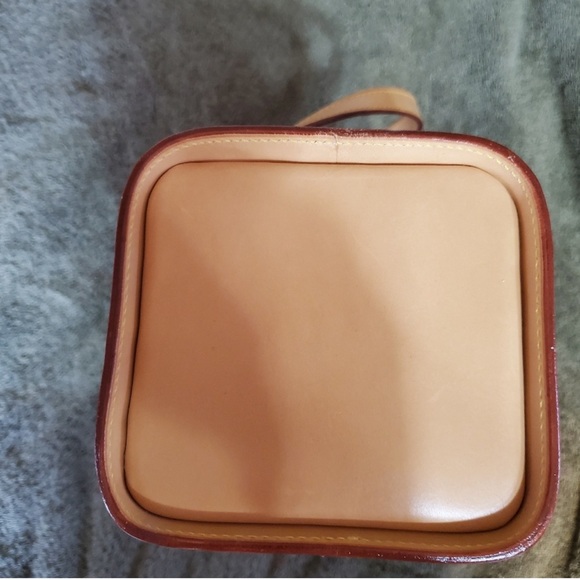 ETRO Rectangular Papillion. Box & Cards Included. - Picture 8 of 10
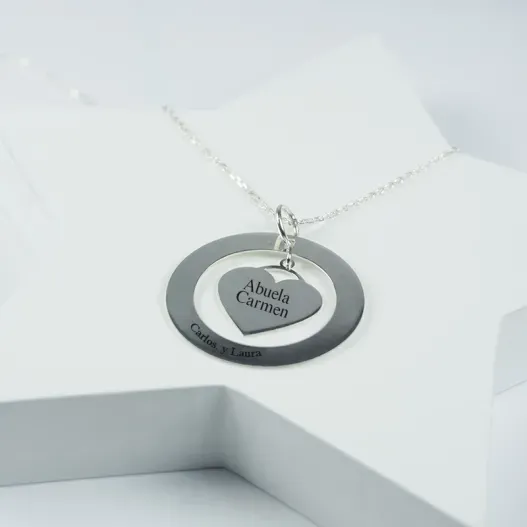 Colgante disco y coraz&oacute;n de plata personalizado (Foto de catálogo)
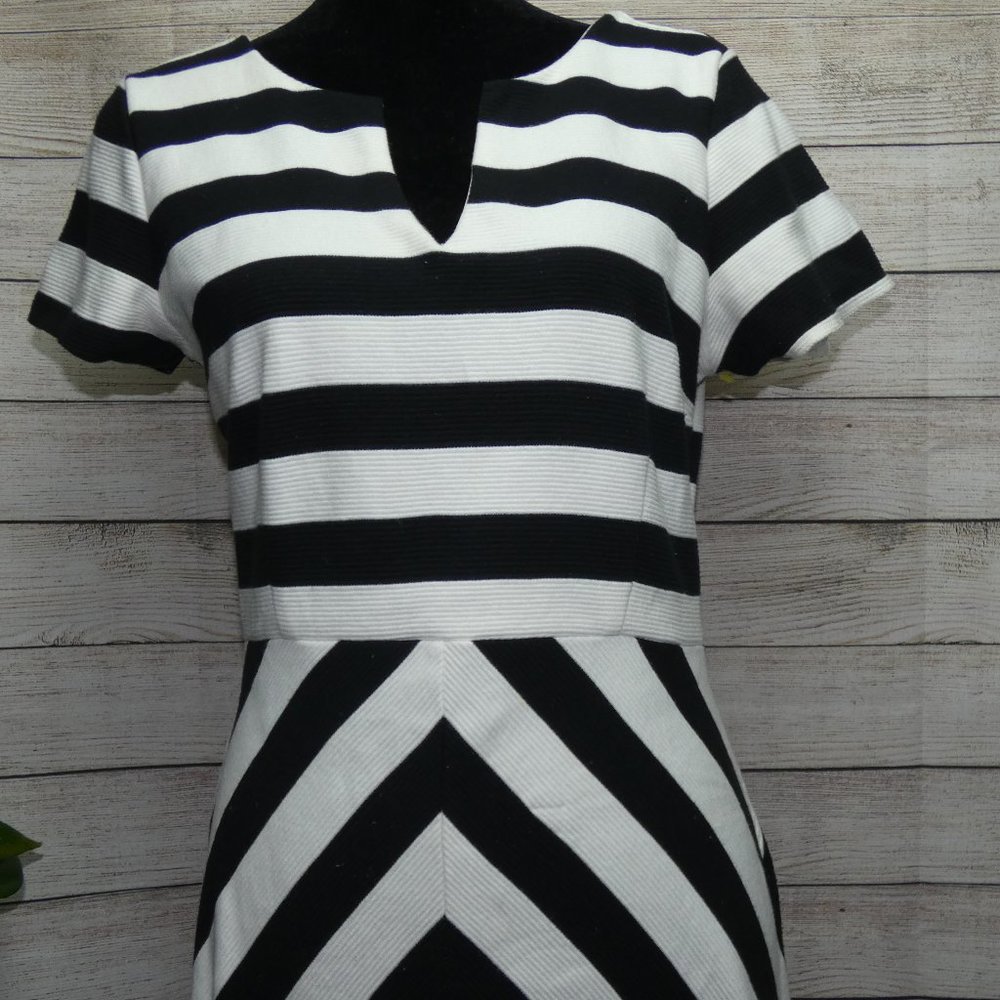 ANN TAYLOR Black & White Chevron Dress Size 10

========

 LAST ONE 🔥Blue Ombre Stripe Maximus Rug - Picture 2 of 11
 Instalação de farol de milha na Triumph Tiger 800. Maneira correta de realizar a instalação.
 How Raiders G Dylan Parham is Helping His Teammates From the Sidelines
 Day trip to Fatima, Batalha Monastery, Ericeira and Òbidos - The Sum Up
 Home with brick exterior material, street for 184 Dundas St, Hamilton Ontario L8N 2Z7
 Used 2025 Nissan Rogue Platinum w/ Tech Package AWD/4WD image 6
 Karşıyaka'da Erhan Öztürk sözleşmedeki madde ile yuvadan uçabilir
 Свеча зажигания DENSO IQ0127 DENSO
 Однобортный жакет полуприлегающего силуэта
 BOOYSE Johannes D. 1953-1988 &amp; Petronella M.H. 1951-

========

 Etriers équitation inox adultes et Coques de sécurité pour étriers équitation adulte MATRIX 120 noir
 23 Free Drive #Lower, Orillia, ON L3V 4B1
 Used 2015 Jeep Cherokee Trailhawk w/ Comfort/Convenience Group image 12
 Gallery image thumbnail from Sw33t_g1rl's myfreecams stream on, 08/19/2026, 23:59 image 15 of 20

========

## [WORK TO COMPLETE]
Beginning at the line that has "ETRO Rectangular Papillion." and ending at the line that has "ANN TAYLOR Black", restate the listing above word for word, pictures left out.

## [OUTPUT FOR THIS EXERCISE]
 ETRO Rectangular Papillion. Box & Cards Included. - Picture 8 of 10
 Colgante disco y coraz&oacute;n de plata personalizado (Foto de catálogo)
 ANN TAYLOR Black & White Chevron Dress Size 10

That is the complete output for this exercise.